Pour Wall Street, qui a fini la semaine sur un record, l'actualité va rester très politique lors des prochaines séances, dont une intervention de Donald Trump au Congrès, avec de grandes chances d'éclipser d'autres considérations comme les chiffres de l'emploi.

Lors des quatre dernières séances -lundi était férié aux États-Unis-, l'indice vedette Dow Jones Industrial Average a pris 0,96% à 20 821,76 points, un niveau sans précédent, et le Nasdaq, à dominante technologique, 0,12% à 5845,31 points. L'indice élargi S&P 500 a gagné 0,69% à 2367,34 points, un record.

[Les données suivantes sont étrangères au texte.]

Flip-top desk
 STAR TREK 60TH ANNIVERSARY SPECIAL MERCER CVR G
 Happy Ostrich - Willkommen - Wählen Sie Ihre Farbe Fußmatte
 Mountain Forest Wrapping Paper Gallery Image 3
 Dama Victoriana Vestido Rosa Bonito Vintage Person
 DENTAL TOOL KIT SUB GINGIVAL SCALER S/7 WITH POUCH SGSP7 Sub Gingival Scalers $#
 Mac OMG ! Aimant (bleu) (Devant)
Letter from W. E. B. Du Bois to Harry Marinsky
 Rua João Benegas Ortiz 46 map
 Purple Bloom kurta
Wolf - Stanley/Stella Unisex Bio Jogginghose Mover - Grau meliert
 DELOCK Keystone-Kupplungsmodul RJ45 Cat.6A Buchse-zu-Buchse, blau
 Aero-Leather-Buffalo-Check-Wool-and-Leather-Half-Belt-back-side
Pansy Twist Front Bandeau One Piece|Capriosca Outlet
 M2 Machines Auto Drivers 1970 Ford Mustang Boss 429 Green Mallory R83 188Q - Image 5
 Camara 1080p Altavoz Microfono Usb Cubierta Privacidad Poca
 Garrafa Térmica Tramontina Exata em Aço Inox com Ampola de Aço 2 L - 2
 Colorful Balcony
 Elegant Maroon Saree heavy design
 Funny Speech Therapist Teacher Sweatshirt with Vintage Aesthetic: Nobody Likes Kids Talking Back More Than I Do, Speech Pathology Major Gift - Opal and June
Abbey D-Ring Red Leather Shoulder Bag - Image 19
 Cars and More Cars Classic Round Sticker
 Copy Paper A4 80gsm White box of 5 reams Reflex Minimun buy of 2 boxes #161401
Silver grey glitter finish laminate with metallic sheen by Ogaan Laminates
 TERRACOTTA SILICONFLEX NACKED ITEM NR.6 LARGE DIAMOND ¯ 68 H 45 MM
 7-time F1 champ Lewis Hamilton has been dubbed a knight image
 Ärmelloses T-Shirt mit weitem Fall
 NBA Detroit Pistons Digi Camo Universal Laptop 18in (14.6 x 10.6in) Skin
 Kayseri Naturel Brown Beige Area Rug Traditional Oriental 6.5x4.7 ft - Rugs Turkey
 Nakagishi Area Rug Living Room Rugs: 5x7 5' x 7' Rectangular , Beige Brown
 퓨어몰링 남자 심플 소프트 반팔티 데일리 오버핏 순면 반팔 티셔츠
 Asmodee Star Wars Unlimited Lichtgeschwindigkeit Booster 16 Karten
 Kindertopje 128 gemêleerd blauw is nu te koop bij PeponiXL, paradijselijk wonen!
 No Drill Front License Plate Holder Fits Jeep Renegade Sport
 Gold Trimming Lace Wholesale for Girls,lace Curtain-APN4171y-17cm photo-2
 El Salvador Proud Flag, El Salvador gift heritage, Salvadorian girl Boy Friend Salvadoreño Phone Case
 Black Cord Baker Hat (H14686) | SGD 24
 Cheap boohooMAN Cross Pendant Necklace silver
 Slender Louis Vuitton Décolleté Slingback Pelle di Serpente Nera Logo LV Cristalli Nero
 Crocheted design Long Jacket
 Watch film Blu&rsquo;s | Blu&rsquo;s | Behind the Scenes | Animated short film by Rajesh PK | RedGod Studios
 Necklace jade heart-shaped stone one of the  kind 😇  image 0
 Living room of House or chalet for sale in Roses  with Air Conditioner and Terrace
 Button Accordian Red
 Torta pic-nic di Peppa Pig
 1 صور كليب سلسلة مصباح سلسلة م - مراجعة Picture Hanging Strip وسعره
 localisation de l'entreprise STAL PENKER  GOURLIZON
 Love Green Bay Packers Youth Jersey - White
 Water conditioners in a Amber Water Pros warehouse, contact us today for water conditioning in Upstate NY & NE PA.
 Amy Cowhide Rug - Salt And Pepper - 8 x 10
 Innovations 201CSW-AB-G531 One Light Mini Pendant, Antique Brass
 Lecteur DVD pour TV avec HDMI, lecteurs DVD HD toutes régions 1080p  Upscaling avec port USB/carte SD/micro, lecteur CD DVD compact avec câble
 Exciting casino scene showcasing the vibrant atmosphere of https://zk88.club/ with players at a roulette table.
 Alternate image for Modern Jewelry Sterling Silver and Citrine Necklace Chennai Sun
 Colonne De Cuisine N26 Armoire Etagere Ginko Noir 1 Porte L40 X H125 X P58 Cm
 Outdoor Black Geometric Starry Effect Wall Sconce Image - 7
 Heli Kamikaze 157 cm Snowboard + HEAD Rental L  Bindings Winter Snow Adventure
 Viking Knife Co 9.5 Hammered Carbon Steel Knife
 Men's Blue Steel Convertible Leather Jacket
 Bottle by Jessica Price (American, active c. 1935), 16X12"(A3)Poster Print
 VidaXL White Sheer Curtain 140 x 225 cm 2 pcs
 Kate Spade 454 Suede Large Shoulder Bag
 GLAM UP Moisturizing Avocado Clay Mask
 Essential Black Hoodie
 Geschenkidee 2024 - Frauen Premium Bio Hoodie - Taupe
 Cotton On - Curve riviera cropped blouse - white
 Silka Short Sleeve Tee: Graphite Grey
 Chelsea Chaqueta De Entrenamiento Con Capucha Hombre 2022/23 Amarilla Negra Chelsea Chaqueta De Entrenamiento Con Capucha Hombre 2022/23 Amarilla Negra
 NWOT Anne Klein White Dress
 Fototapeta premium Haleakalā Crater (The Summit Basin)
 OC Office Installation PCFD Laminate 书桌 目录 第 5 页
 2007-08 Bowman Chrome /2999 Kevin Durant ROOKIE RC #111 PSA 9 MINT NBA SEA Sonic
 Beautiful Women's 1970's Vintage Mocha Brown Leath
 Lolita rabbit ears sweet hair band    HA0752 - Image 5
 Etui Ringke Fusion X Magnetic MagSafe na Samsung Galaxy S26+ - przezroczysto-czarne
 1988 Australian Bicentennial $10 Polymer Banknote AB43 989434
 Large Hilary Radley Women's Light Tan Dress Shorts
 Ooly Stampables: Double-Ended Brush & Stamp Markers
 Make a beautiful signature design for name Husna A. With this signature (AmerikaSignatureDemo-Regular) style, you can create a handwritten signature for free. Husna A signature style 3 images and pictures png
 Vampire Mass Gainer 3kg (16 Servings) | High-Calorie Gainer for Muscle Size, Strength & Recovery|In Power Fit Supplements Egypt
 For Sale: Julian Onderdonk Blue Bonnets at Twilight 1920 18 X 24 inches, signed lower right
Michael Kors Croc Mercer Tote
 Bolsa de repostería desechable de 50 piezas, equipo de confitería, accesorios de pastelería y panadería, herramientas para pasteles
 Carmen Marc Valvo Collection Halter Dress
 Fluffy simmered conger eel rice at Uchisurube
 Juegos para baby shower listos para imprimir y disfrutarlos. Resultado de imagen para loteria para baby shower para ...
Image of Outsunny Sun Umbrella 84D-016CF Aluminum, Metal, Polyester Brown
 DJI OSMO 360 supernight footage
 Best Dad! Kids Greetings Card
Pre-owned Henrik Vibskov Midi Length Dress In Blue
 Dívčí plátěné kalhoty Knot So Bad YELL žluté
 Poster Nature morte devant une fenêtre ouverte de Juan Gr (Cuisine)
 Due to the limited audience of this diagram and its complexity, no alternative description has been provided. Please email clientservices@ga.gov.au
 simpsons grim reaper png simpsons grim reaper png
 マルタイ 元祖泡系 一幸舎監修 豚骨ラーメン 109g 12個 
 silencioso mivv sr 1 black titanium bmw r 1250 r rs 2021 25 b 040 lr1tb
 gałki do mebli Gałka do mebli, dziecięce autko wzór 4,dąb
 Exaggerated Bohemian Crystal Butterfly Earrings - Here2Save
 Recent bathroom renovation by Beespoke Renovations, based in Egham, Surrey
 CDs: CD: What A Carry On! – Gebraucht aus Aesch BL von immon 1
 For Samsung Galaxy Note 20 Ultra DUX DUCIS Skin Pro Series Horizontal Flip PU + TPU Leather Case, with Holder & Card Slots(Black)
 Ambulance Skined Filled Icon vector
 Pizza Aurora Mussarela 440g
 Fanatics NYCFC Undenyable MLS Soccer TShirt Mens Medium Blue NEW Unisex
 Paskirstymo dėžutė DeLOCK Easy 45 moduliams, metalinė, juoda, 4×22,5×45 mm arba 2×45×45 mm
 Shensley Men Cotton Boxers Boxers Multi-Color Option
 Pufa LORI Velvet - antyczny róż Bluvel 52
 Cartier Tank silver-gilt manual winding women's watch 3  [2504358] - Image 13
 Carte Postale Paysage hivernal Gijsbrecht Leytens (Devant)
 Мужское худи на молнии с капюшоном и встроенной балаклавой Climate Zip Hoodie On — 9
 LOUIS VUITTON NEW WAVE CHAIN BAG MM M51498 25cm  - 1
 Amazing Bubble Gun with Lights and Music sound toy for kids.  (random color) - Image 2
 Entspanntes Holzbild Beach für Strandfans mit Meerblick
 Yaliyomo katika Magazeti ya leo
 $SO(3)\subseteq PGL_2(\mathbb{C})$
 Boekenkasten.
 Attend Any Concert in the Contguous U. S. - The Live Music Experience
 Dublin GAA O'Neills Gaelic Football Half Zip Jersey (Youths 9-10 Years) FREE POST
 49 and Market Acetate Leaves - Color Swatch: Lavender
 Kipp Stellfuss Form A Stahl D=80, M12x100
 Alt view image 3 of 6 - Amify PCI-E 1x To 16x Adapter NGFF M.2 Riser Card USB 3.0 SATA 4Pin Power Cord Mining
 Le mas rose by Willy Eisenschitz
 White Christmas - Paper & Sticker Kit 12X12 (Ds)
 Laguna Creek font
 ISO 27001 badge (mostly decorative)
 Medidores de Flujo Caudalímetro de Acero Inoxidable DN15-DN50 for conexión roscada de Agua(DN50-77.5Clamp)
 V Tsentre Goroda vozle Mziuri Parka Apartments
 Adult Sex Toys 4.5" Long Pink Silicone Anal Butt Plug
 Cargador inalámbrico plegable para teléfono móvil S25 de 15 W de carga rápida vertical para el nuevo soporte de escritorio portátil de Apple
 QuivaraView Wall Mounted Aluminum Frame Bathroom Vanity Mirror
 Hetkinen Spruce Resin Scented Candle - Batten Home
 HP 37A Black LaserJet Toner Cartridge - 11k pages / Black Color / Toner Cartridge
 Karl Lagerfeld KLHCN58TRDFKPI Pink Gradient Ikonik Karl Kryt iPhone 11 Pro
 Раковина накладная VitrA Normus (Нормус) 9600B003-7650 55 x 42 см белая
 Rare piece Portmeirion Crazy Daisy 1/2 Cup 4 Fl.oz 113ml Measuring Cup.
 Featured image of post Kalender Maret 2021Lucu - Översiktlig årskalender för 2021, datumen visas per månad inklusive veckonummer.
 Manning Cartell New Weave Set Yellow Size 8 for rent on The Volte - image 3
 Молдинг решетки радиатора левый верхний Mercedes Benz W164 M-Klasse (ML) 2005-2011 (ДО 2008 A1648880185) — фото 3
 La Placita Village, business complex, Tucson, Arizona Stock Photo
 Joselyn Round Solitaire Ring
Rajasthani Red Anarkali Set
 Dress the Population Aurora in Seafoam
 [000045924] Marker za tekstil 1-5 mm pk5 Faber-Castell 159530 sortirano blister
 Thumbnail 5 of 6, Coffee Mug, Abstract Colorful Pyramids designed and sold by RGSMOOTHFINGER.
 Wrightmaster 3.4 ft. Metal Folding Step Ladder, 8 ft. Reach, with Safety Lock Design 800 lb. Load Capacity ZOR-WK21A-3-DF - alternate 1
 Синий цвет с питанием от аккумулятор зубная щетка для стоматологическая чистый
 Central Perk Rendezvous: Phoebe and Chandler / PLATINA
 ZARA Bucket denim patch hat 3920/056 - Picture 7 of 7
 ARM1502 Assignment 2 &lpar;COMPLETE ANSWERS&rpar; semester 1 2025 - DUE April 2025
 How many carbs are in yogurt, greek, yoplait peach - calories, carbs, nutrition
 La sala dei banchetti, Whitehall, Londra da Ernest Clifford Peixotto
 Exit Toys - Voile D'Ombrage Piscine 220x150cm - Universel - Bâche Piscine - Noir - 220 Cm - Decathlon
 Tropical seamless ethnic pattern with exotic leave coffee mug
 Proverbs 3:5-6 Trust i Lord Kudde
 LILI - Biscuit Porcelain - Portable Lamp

Les fluctuations ont été limitées, mais, après plusieurs semaines d'envolée, les indices ne se sont pas éloignés de leur records: le Dow Jones a même réussi la performance d'en signer onze de suite, du jamais vu depuis 1987.

«D'un côté, la Bourse est à un niveau bien trop élevé depuis une semaine ou deux», a résumé Karl Haeling, de Landesbank Baden-Württemberg. «Mais de l'autre, elle est déjà restée bien plus longtemps à des niveaux trop élevés par le passé. Donc rien ne permet de dire quand elle va se replier.»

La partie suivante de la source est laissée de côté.